------ INFORMATION PROVIDED

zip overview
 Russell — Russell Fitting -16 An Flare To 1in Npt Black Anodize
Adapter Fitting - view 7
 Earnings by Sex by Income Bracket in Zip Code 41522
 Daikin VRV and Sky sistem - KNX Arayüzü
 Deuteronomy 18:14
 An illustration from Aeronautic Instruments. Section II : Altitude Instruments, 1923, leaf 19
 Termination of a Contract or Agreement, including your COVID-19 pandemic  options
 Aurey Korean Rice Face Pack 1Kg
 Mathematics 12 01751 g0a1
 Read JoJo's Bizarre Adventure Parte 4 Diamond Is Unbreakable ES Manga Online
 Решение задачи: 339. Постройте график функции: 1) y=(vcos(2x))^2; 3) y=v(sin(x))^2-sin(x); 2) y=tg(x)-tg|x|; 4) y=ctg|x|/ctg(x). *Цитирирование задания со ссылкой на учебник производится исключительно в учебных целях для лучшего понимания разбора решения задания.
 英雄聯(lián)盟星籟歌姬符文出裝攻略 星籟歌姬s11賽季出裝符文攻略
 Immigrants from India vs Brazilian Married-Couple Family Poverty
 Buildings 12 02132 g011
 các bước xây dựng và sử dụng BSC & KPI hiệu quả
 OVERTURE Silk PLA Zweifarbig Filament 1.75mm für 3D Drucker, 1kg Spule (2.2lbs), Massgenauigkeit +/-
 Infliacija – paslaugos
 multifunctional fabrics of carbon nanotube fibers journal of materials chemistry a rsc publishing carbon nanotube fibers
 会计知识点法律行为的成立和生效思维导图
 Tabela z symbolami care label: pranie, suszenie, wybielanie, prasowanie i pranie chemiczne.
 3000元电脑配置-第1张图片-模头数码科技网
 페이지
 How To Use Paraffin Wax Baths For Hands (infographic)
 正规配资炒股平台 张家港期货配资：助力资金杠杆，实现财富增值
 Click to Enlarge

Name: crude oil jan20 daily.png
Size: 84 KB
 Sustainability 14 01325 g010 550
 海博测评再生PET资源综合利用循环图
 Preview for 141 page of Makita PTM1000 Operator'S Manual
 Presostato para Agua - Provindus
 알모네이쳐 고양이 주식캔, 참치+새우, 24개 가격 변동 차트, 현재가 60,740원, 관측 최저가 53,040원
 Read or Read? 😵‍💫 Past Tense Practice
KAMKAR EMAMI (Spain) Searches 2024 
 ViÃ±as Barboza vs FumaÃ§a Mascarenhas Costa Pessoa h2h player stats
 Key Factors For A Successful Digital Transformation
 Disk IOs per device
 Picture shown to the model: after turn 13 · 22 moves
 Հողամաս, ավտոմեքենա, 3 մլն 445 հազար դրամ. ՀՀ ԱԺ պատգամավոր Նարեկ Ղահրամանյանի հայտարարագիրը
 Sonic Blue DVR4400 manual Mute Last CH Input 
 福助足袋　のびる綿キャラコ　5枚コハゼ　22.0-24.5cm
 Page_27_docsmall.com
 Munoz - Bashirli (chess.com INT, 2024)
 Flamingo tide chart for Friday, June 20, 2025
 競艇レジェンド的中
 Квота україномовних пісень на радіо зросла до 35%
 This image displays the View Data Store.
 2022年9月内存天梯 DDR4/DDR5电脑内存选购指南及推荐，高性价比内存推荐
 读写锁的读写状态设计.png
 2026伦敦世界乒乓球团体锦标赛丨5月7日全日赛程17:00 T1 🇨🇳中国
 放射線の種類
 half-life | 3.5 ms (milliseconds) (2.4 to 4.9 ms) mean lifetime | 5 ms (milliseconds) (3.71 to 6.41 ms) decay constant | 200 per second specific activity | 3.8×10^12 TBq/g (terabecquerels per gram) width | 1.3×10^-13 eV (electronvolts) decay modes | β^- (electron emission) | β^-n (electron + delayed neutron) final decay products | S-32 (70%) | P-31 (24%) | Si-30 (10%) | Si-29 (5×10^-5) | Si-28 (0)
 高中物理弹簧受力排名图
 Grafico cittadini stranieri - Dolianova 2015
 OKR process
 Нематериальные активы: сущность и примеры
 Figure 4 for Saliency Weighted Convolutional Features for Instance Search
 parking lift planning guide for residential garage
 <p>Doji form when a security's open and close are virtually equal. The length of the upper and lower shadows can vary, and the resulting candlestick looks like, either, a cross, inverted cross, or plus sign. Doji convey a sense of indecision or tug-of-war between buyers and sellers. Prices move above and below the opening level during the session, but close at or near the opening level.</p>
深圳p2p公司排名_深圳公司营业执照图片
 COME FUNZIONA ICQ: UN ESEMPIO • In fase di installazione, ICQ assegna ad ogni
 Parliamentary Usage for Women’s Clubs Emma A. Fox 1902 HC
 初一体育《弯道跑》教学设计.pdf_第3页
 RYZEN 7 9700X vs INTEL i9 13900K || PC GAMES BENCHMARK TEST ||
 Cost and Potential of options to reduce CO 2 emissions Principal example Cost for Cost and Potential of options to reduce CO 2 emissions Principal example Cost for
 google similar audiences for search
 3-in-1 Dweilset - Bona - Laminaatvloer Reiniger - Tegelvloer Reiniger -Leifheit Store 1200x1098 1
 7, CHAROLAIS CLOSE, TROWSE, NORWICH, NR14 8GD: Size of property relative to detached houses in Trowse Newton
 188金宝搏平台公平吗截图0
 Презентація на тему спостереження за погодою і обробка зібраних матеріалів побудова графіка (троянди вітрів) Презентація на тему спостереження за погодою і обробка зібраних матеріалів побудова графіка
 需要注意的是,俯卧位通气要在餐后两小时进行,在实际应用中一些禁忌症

------------

> _TASK BRIEF_
All records above must be set down exactly, please.

> _WRITTEN ANSWER_
zip overview
 Russell — Russell Fitting -16 An Flare To 1in Npt Black Anodize
Adapter Fitting - view 7
 Earnings by Sex by Income Bracket in Zip Code 41522
 Daikin VRV and Sky sistem - KNX Arayüzü
 Deuteronomy 18:14
 An illustration from Aeronautic Instruments. Section II : Altitude Instruments, 1923, leaf 19
 Termination of a Contract or Agreement, including your COVID-19 pandemic  options
 Aurey Korean Rice Face Pack 1Kg
 Mathematics 12 01751 g0a1
 Read JoJo's Bizarre Adventure Parte 4 Diamond Is Unbreakable ES Manga Online
 Решение задачи: 339. Постройте график функции: 1) y=(vcos(2x))^2; 3) y=v(sin(x))^2-sin(x); 2) y=tg(x)-tg|x|; 4) y=ctg|x|/ctg(x). *Цитирирование задания со ссылкой на учебник производится исключительно в учебных целях для лучшего понимания разбора решения задания.
 英雄聯(lián)盟星籟歌姬符文出裝攻略 星籟歌姬s11賽季出裝符文攻略
 Immigrants from India vs Brazilian Married-Couple Family Poverty
 Buildings 12 02132 g011
 các bước xây dựng và sử dụng BSC & KPI hiệu quả
 OVERTURE Silk PLA Zweifarbig Filament 1.75mm für 3D Drucker, 1kg Spule (2.2lbs), Massgenauigkeit +/-
 Infliacija – paslaugos
 multifunctional fabrics of carbon nanotube fibers journal of materials chemistry a rsc publishing carbon nanotube fibers
 会计知识点法律行为的成立和生效思维导图
 Tabela z symbolami care label: pranie, suszenie, wybielanie, prasowanie i pranie chemiczne.
 3000元电脑配置-第1张图片-模头数码科技网
 페이지
 How To Use Paraffin Wax Baths For Hands (infographic)
 正规配资炒股平台 张家港期货配资：助力资金杠杆，实现财富增值
 Click to Enlarge

Name: crude oil jan20 daily.png
Size: 84 KB
 Sustainability 14 01325 g010 550
 海博测评再生PET资源综合利用循环图
 Preview for 141 page of Makita PTM1000 Operator'S Manual
 Presostato para Agua - Provindus
 알모네이쳐 고양이 주식캔, 참치+새우, 24개 가격 변동 차트, 현재가 60,740원, 관측 최저가 53,040원
 Read or Read? 😵‍💫 Past Tense Practice
KAMKAR EMAMI (Spain) Searches 2024 
 ViÃ±as Barboza vs FumaÃ§a Mascarenhas Costa Pessoa h2h player stats
 Key Factors For A Successful Digital Transformation
 Disk IOs per device
 Picture shown to the model: after turn 13 · 22 moves
 Հողամաս, ավտոմեքենա, 3 մլն 445 հազար դրամ. ՀՀ ԱԺ պատգամավոր Նարեկ Ղահրամանյանի հայտարարագիրը
 Sonic Blue DVR4400 manual Mute Last CH Input 
 福助足袋　のびる綿キャラコ　5枚コハゼ　22.0-24.5cm
 Page_27_docsmall.com
 Munoz - Bashirli (chess.com INT, 2024)
 Flamingo tide chart for Friday, June 20, 2025
 競艇レジェンド的中
 Квота україномовних пісень на радіо зросла до 35%
 This image displays the View Data Store.
 2022年9月内存天梯 DDR4/DDR5电脑内存选购指南及推荐，高性价比内存推荐
 读写锁的读写状态设计.png
 2026伦敦世界乒乓球团体锦标赛丨5月7日全日赛程17:00 T1 🇨🇳中国
 放射線の種類
 half-life | 3.5 ms (milliseconds) (2.4 to 4.9 ms) mean lifetime | 5 ms (milliseconds) (3.71 to 6.41 ms) decay constant | 200 per second specific activity | 3.8×10^12 TBq/g (terabecquerels per gram) width | 1.3×10^-13 eV (electronvolts) decay modes | β^- (electron emission) | β^-n (electron + delayed neutron) final decay products | S-32 (70%) | P-31 (24%) | Si-30 (10%) | Si-29 (5×10^-5) | Si-28 (0)
 高中物理弹簧受力排名图
 Grafico cittadini stranieri - Dolianova 2015
 OKR process
 Нематериальные активы: сущность и примеры
 Figure 4 for Saliency Weighted Convolutional Features for Instance Search
 parking lift planning guide for residential garage
 <p>Doji form when a security's open and close are virtually equal. The length of the upper and lower shadows can vary, and the resulting candlestick looks like, either, a cross, inverted cross, or plus sign. Doji convey a sense of indecision or tug-of-war between buyers and sellers. Prices move above and below the opening level during the session, but close at or near the opening level.</p>
深圳p2p公司排名_深圳公司营业执照图片
 COME FUNZIONA ICQ: UN ESEMPIO • In fase di installazione, ICQ assegna ad ogni
 Parliamentary Usage for Women’s Clubs Emma A. Fox 1902 HC
 初一体育《弯道跑》教学设计.pdf_第3页
 RYZEN 7 9700X vs INTEL i9 13900K || PC GAMES BENCHMARK TEST ||
 Cost and Potential of options to reduce CO 2 emissions Principal example Cost for Cost and Potential of options to reduce CO 2 emissions Principal example Cost for
 google similar audiences for search
 3-in-1 Dweilset - Bona - Laminaatvloer Reiniger - Tegelvloer Reiniger -Leifheit Store 1200x1098 1
 7, CHAROLAIS CLOSE, TROWSE, NORWICH, NR14 8GD: Size of property relative to detached houses in Trowse Newton
 188金宝搏平台公平吗截图0
 Презентація на тему спостереження за погодою і обробка зібраних матеріалів побудова графіка (троянди вітрів) Презентація на тему спостереження за погодою і обробка зібраних матеріалів побудова графіка
 需要注意的是,俯卧位通气要在餐后两小时进行,在实际应用中一些禁忌症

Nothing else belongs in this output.